» TASK PROMPT:
Within the entries below, find every line that has the string "bathroom", then copy it.

» INFORMATION:
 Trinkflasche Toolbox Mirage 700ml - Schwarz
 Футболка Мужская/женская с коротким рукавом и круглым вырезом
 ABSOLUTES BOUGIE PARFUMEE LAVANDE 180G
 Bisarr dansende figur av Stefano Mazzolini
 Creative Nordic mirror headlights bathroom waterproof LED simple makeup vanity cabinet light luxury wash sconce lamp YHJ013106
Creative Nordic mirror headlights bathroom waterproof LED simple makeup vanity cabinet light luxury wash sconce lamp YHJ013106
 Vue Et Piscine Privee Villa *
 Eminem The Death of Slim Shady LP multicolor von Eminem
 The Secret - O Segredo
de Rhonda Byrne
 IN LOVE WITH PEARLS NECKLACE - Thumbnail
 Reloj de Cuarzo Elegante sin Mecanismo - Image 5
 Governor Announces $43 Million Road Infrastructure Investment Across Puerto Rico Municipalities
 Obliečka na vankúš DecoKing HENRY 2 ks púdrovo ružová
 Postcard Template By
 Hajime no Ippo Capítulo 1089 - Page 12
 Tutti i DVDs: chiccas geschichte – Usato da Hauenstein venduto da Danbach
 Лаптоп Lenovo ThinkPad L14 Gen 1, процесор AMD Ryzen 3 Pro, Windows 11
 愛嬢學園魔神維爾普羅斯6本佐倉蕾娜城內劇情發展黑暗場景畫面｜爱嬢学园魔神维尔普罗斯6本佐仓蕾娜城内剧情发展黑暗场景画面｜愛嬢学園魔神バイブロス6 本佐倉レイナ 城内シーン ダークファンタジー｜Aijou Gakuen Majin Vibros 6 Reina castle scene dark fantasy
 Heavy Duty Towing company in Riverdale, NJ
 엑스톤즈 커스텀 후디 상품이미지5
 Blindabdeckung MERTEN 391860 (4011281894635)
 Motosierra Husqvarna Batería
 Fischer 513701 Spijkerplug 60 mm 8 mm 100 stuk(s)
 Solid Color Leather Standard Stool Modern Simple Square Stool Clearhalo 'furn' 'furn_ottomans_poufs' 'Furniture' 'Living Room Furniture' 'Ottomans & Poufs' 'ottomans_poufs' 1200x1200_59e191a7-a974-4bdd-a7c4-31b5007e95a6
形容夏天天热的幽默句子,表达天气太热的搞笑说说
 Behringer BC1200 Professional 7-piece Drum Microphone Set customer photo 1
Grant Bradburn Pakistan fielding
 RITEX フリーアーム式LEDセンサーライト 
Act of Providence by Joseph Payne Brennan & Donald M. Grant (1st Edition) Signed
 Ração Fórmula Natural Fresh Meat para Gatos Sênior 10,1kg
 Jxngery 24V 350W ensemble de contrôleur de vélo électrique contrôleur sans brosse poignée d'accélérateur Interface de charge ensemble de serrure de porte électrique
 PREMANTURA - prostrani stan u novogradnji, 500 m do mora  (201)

» ANSWER TO THIS EXERCISE:
 Creative Nordic mirror headlights bathroom waterproof LED simple makeup vanity cabinet light luxury wash sconce lamp YHJ013106
Creative Nordic mirror headlights bathroom waterproof LED simple makeup vanity cabinet light luxury wash sconce lamp YHJ013106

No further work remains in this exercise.